Any helpful explanations would be greatly appreciated.

Hoping you can shed some light.

-- Filbert

Alexander Terekhov

unread,

May 14, 2003, 4:01:15 AM5/14/03

to

Filbert wrote:
[...]

> Question 1: Would some people explain why a memory barrier is needed

Read this thread (and follow the embedded links, please):

http://www.google.com/groups?selm=3EBB7807.7E084553%40web.de
(Subject: The Inventor of Portable DCI-aka-DCL (using TSD) is... ;-) )

> Question 2: Let's say I want to implement on a multiprocessor IBM
> Power4 machine.

You're quite welcome. ;-)

> Assuming, from Question 1, that a memory barrier is needed, what is
> the minimum I can get away with, and why?
>
> http://www-1.ibm.com/servers/esdd/articles/power4_mem.html
>
> Will a "lwsync" suffice? "lwsync" prevents Load/Load, Store/Store, and
> Load/Store re-orderings, but not Store/Load re-orderings.
>
> Or do I need something stronger, like "isync", or heaven forbid
> "sync"? Could you provide an explanation for a neophyte like me?

Read this message (twice, please):

http://www.google.com/groups?selm=3EBBE66B.98885A41%40web.de
(Subject: The Inventor of Portable DCI-aka-DCL (using TSD) is... ;-) )

regards,
alexander.

P.S. If you'll have questions, please post a followup to the
"inventor" thread -- I just love it. ;-)

P.P.S. http://www.google.com/groups?selm=3EBF5B97.A501D252%40web.de

Here's one more "illustration":

atomic<const stuff*> instance_ptr = ATOMIC_INITIALIZER(0); // static
pthread_mutex_t instance_mtx = PTHREAD_MUTEX_INITIALIZER; // static

const stuff & instance() {
stuff * ptr;
if (0 == (ptr = instance_ptr.load_ddhlb())) {
mutex_guard(instance_mtx);
if (0 == (ptr = instance_ptr.load())) {
ptr = new stuff(/*...*/);
instance_ptr.store_ssb(ptr);
static deleter<stuff> cleanup(ptr);
}
}
return *ptr;
}

P.P.P.S. Give up! You'll NEVER "beat" a static local synchronized
by a threads-aware C++ implementation (similar stuff to what a "C"
POSIX threads implementation does for pthread_once(), but in much
more 'convenient' way designed specifically for static lazy stuff
in C++):

http://www.google.com/groups?selm=3EB430BD.D039CC%40web.de
http://www.google.com/groups?selm=3EBB8DDC.C81DF4AE%40web.de
(Subject: Re: scoped static singleton question)

Joseph Seigh

unread,

May 14, 2003, 7:46:32 AM5/14/03

to

Alexander Terekhov wrote:
>
> P.P.P.S. Give up! You'll NEVER "beat" a static local synchronized
> by a threads-aware C++ implementation (similar stuff to what a "C"
> POSIX threads implementation does for pthread_once(), but in much
> more 'convenient' way designed specifically for static lazy stuff
> in C++):
>

It specifically states that (being unbeatable) about pthread_once()
in the Posix standard? I doubt it.

The only reason you can argue that about Posix mutexes, for instance,
is that their usage is so common and that the consequences would be so
devastating to any vendor who produced a badly performing implementation.
You can't make that same arguement about pthread_once.

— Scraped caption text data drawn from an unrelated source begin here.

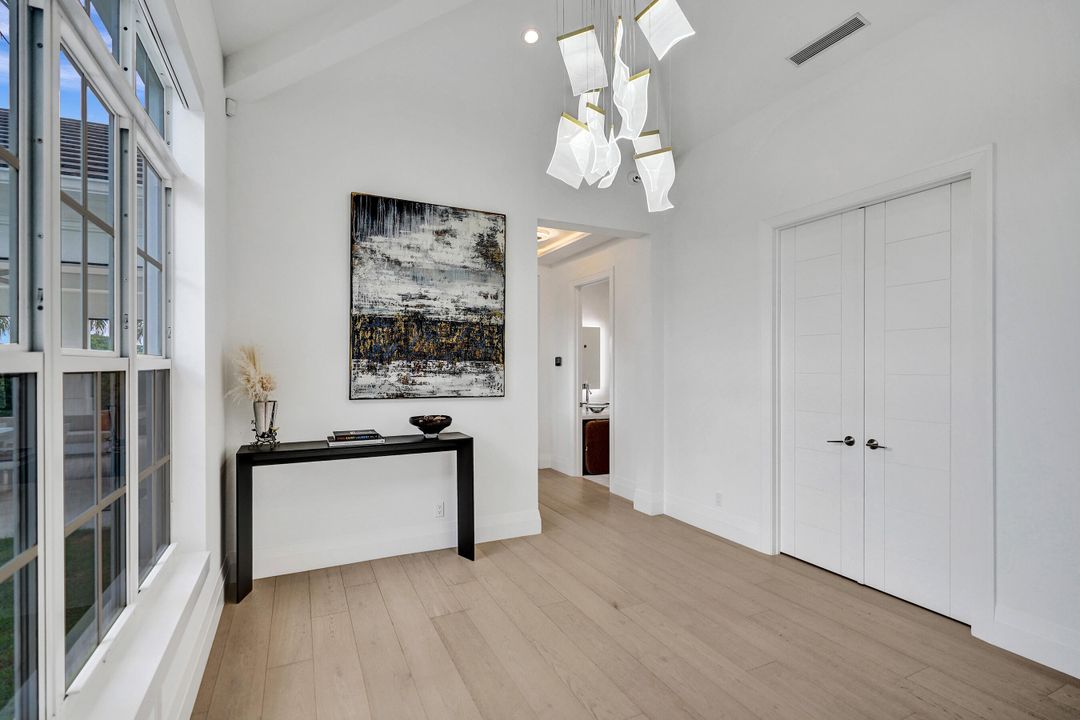 Active With Contract: $3,900,000 (4 beds, 4 baths, 3703 Square Feet)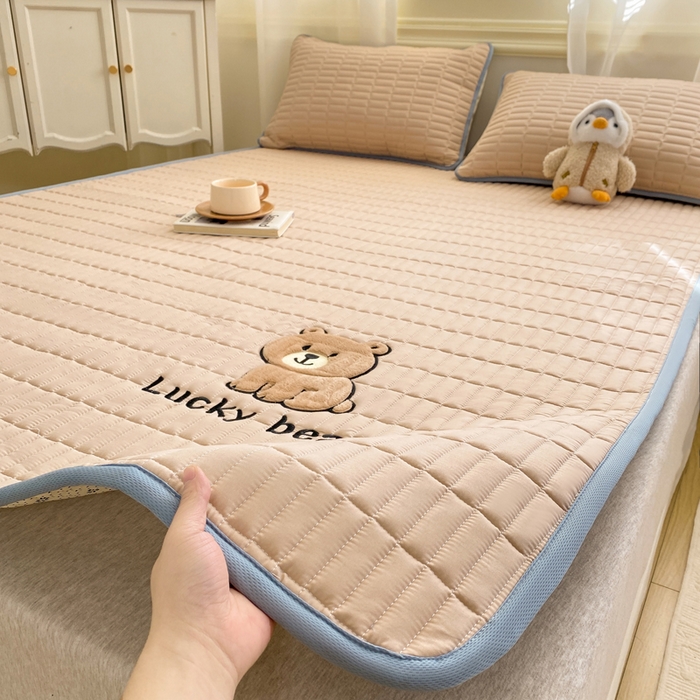 91家纺网 家纺一手货源 找家纺 梦初语 2026新款水洗棉卡通刺绣夹棉床垫-200克夹棉-75克防滑底布（常年备货） 维尼-浅咖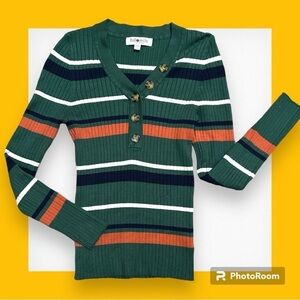 Full Circle Trends Striped V Neck Long Sleeve Top Medium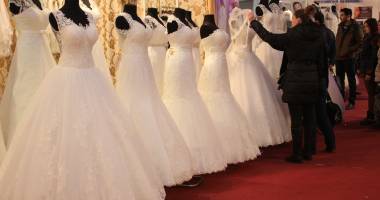 Stire din Economie : Târgul pentru Nunți s-a deschis oficial, la Constanța! GALERIE FOTO
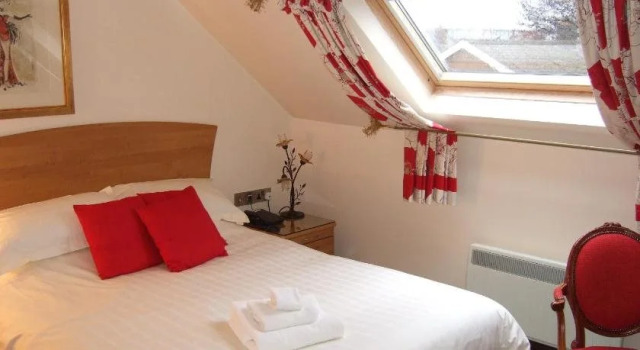 Moss Lodge, Rezervați Hotel Rochdale Zona metropolitană Manchester
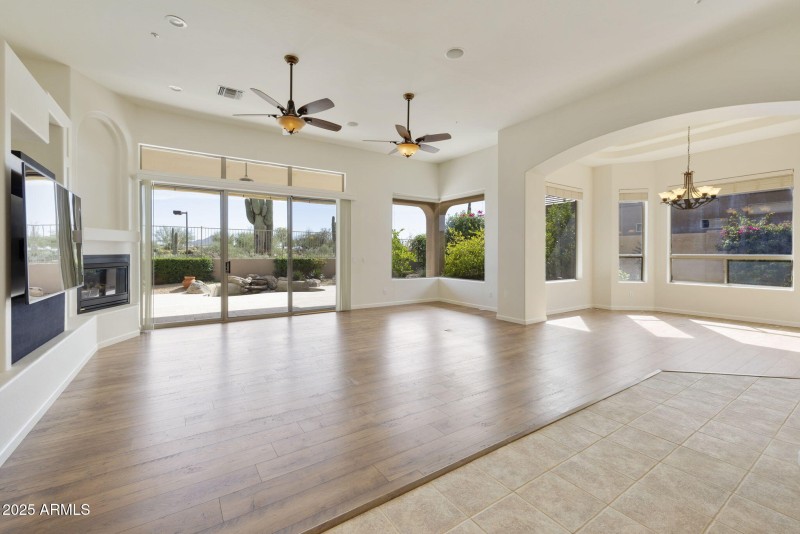 GREATROOM/ LIVINGROOM/DININGROOM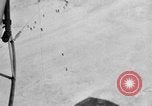 Standbild Sailor baumeln am Kabel unterhalb der USS Akron San Diego California USA, 1932, aus Sekunde 24 historischem Filmmaterial Videoclip 65675070494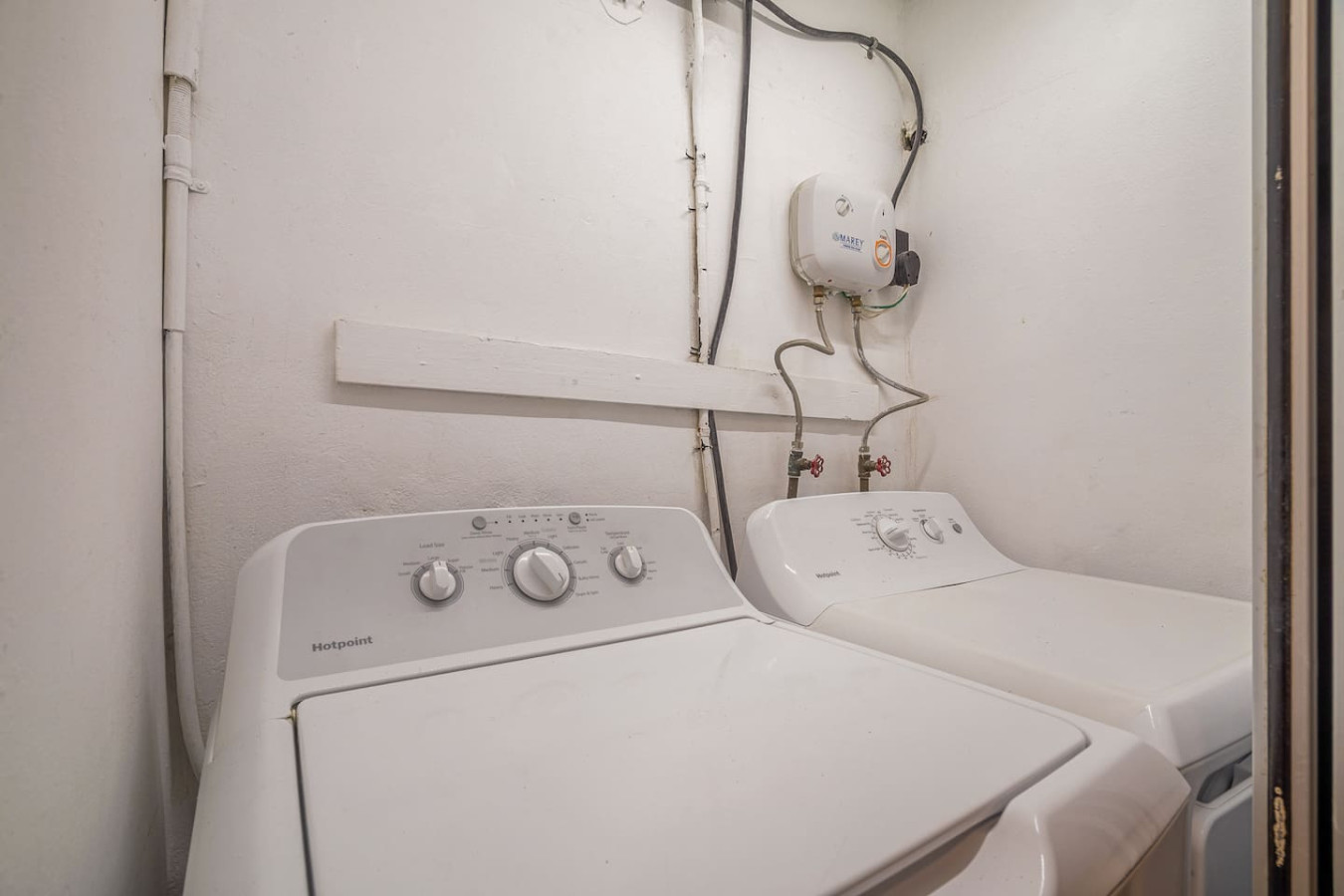 Laundry area with a washer and dryer — Condado Grass Patio, Santurce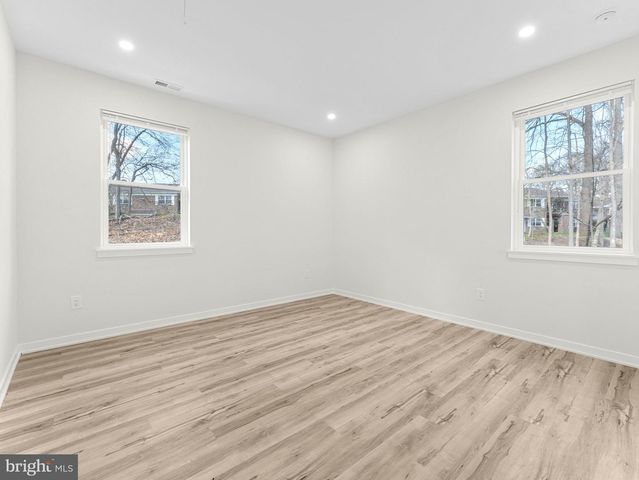 48 FARRIER AVE, Blackwood, NJ 08012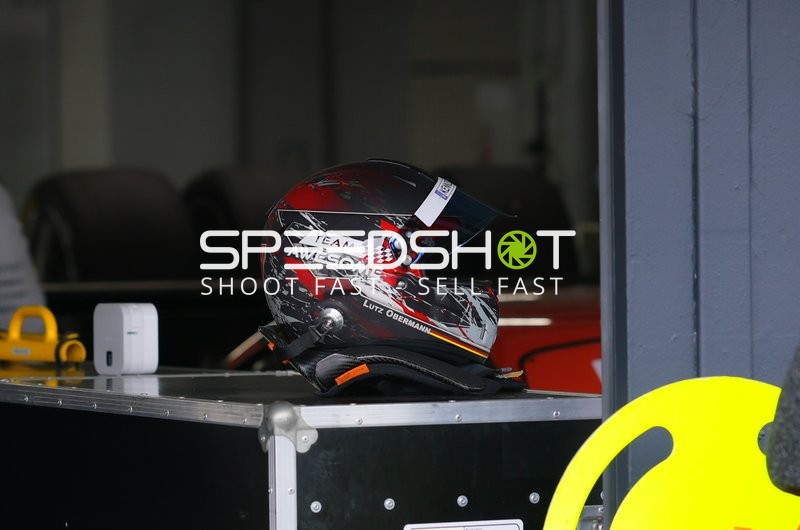 Helm von Team Awesome in der Boxengasse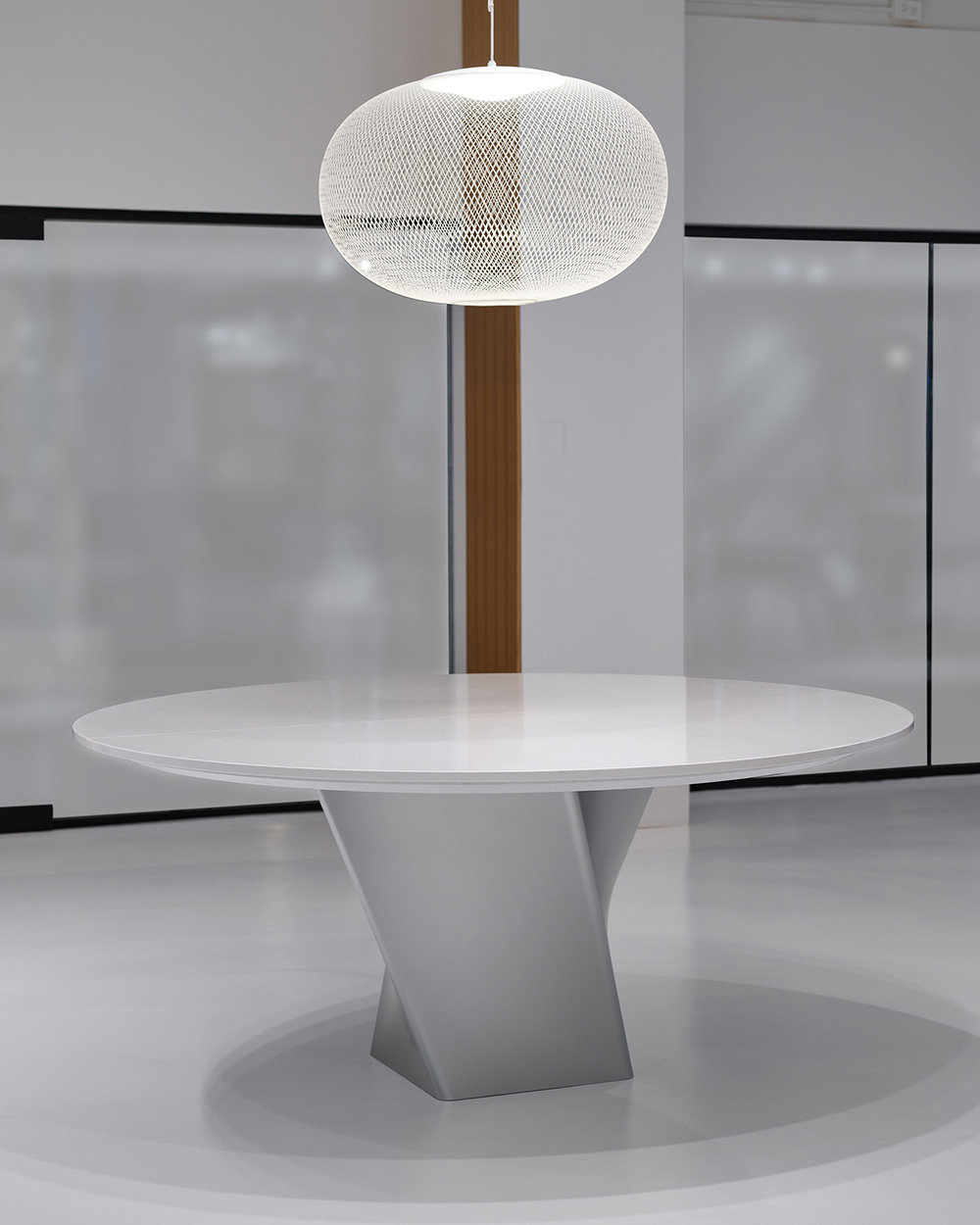 Table with round base and round light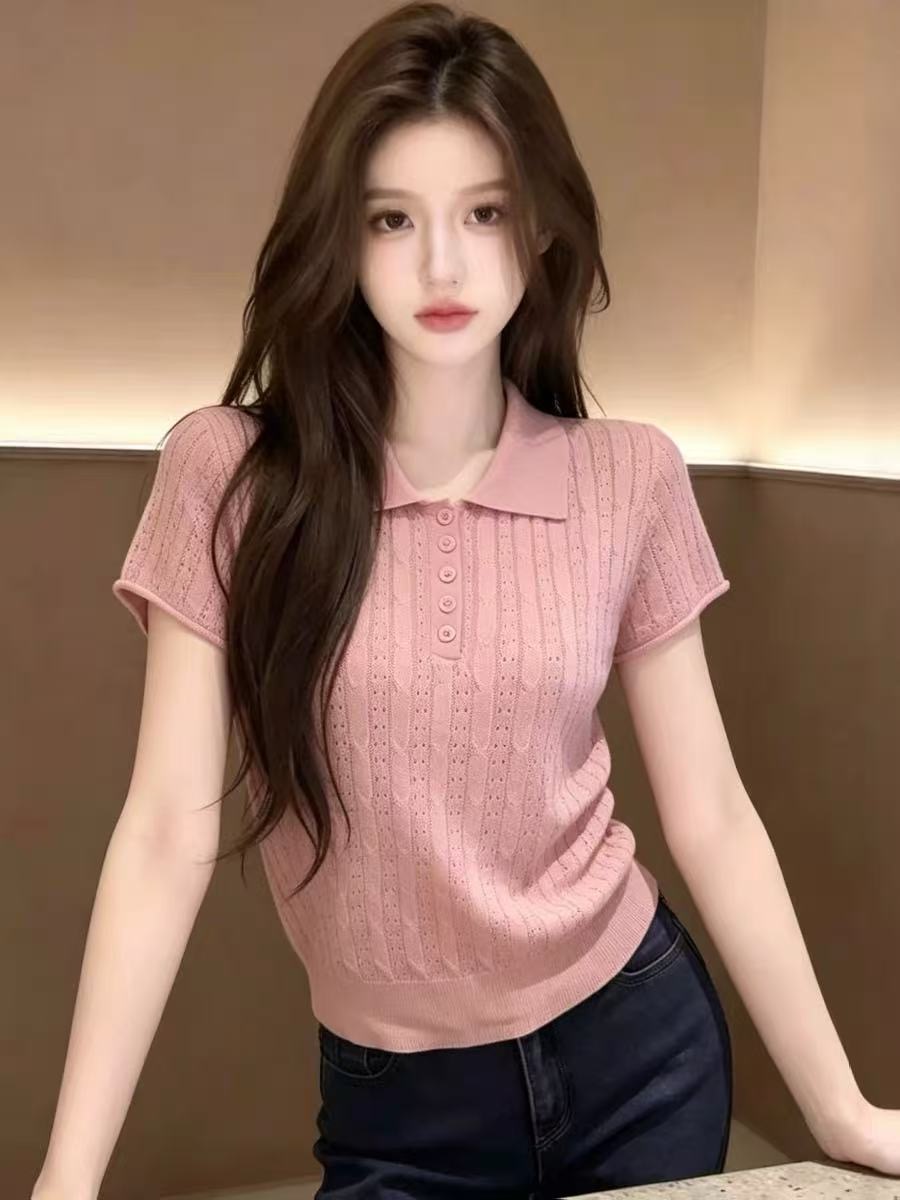 한 부서 고유 한 아름다운 POLO 칼라 홀로우 아웃 반팔 니트 스웨터 여성 2026 년 여름 몸매 가꾸기 슬림해 보이는 얇은 스타일 맨위
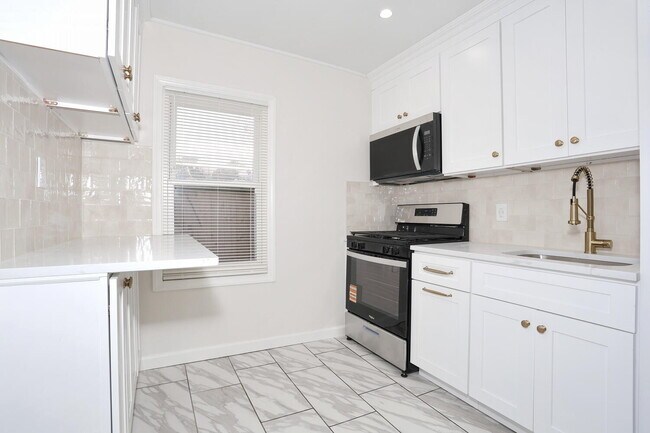 Foto del edificio - 31 Rea Ave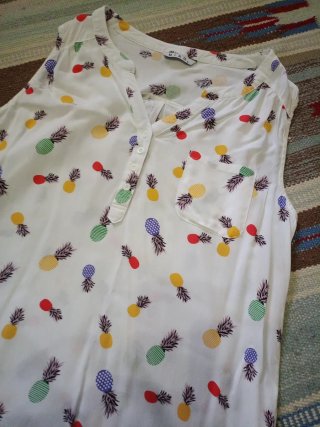 Blusa sin mangas con estampado de piñas verano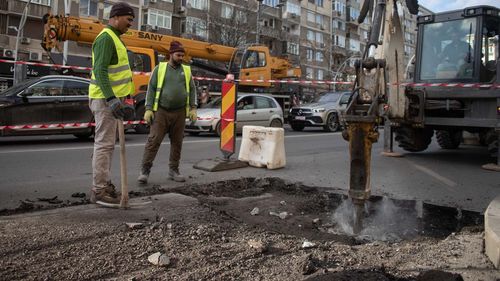 Restricţii de trafic rutier pe Şoseaua Bucureşti-Ploieşti, în zona Gării Băneasa - Fântâna Mioriţa, începând de sâmbătă. Încep lucrările la stația de metrou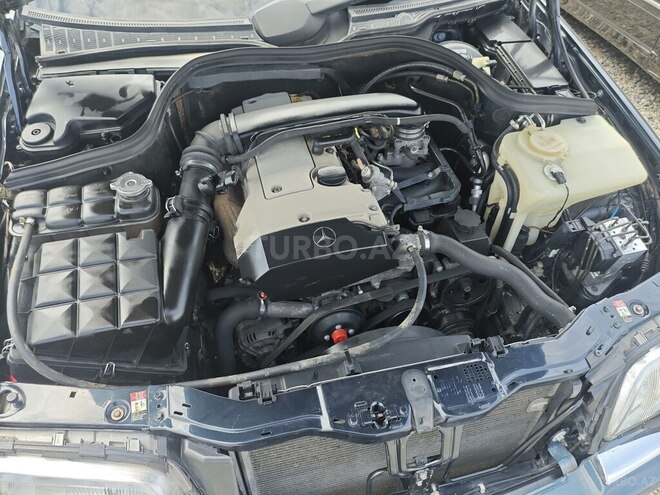 Mercedes C 200-6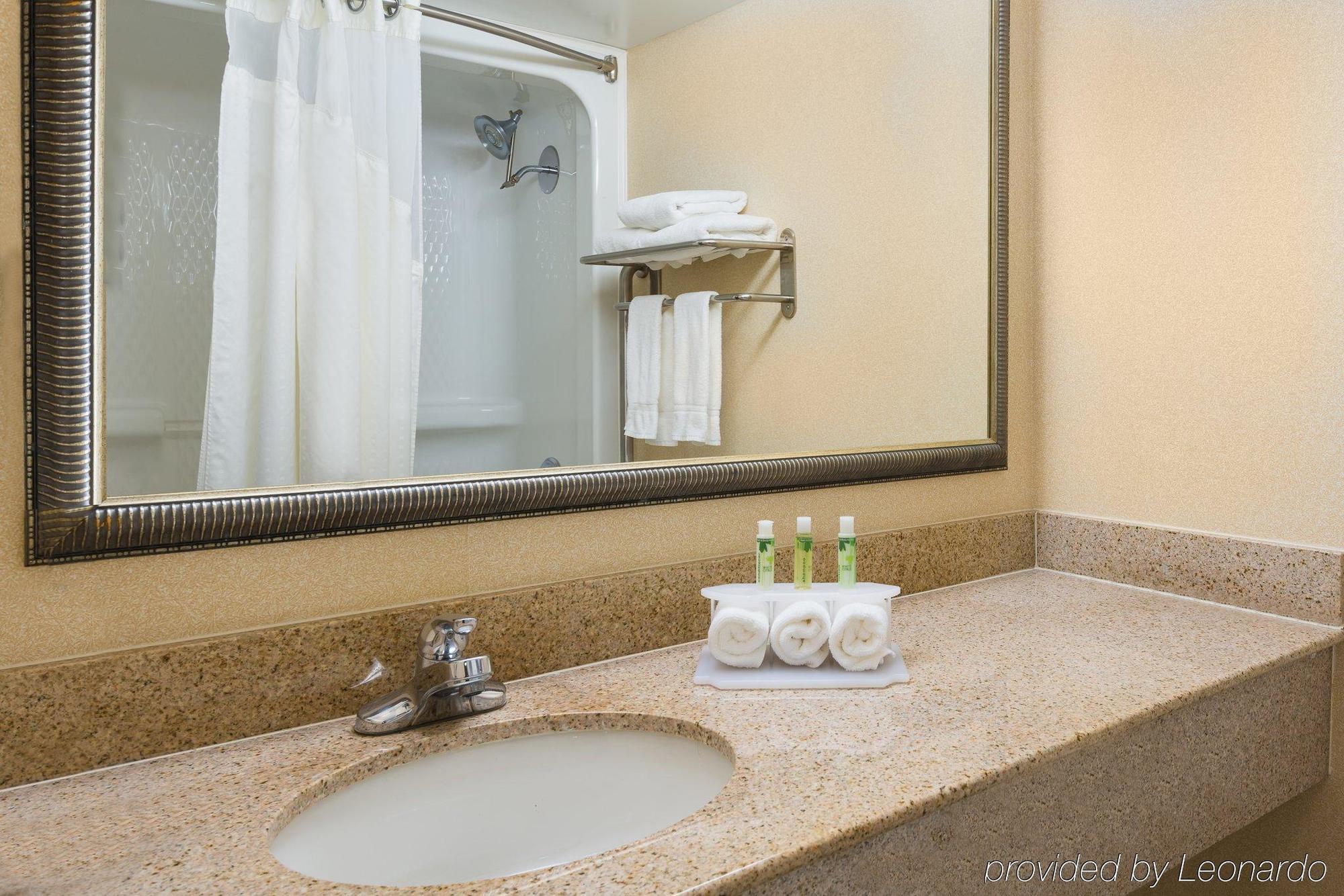 Holiday Inn Express Richmond-Mechanicsville By Ihg Buitenkant foto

If Posix refuses to make performance guarantees, then Posix adherents
have no basis for complaining about attempts to implement solutions with
*known* efficiency.

Joe Seigh

David Butenhof

unread,

May 15, 2003, 8:41:21 AM5/15/03

to

Joseph Seigh wrote:

> Alexander Terekhov wrote:
>>
>> P.P.P.S. Give up! You'll NEVER "beat" a static local synchronized
>> by a threads-aware C++ implementation (similar stuff to what a "C"
>> POSIX threads implementation does for pthread_once(), but in much
>> more 'convenient' way designed specifically for static lazy stuff
>> in C++):
>>
> It specifically states that (being unbeatable) about pthread_once()
> in the Posix standard? I doubt it.

Of course not. POSIX is an "Application Programming Interface" (i.e., SOURCE
LEVEL) standard, not an IMPLEMENTATION standard. There are many possible
ways to correctly implement the pthread_once() interface. Some are also
fast, and others aren't. This is a "quality of implementation" issue, and
of no direct concern to the standard.

However, Alexander wasn't talking about pthread_once(), but rather a
carefully tuned C++ "DCI" class that's analogous to what pthread_once()
does. (I still disagree with him in the most general sense, simply because
you're dealing with a GENERAL implementation, which can nearly always be
beaten by a strictly customized implementation that fits a particular
need... presuming the developers are willing to pay for that customization
in engineering, testing, and porting time.)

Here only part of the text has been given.